One application for a site at Bankend South Industrial Estate was refused at the end of April for a number of reasons, including the fact that it would result in the loss of what is termed ‘employment’ land and also because it as an out-of-centre location it could threaten existing town centre businesses.
The other, longer standing, application is for a supermarket development on the former Oregon Timber Frame company site at the northern edge of the town and which has not yet been determined.
However, an SBC spokesperson told TheSouthern this application has been the subject of considerable dialogue with the developer on the issue of retail impact.
No date has yet been set for SBC planning committee to make a decision, although an outcome is expected within the next two months or so.
One irate Jedburgh resident told TheSouthern that any loss of employment land was specifically against planning policy and could not be condoned, especially at a time when new businesses needed to be helped in order stimulate the economy.

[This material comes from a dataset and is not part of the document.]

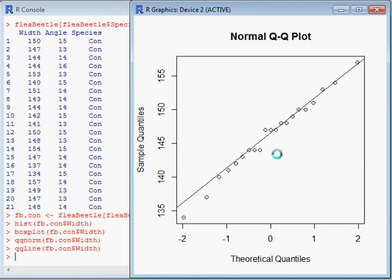If we did a Shapiro-Wilkes test, that would be one more line of evidence that supports the idea that this is normally distributed data. Because of what we're measuring here - the width of a body part - there's no real reason to suggest that it wouldn't be normally distributed.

“It is widely acknowledged that a food store is needed for Jedburgh and Eyemouth, but not at the expense of employment land which is of great importance to the growth and sustainability of the Scottish Borders economy,” said the person.
Local Scottish Borders Council member Len Wyse said a large number of the town’s residents have been arguing for a major supermarket.
“They don’t want to travel far due to rising costs of fuel and time taken,” said Councillor Wyse. “A good supermarket could keep them in town and maybe they would use our struggling High Street shops more.
“It’s all very well keeping some land available for employment but if a supermarket can employ in the region of say 60 to 70 part and full-time workers then surely that’s classed as employment.
“I don’t go with the figure of more than 100 employees, I think that was egging the application too much. But extra employment should help the local economy be more buoyant. It may also be an extra encouragement for folk wanting to move here, so helping our local builders.”
And he warned: “I’m afraid there is no getting away from it but folk enjoy the new supermarket experience and if it does not come here then the shopper will go out of town.”
Fellow local authority representative Sandy Scott added: “Suffice to say Jedburgh could do with another food retailing outfit – it would give the Jedburgh residents a greater choice on price, quality and variety, and would also create a number of jobs.”
Councillor Tom Brown said as the only Jedburgh councillor on SBC’s planning committee, it would be wrong of him to pre-empt the outcome.
“Normally the local member would be asked to lead the debate on the day and this will, of course, be a very important decision for the committee to take and I can assure the citizens of my town that I will make sure that it will not be taken lightly,” he said.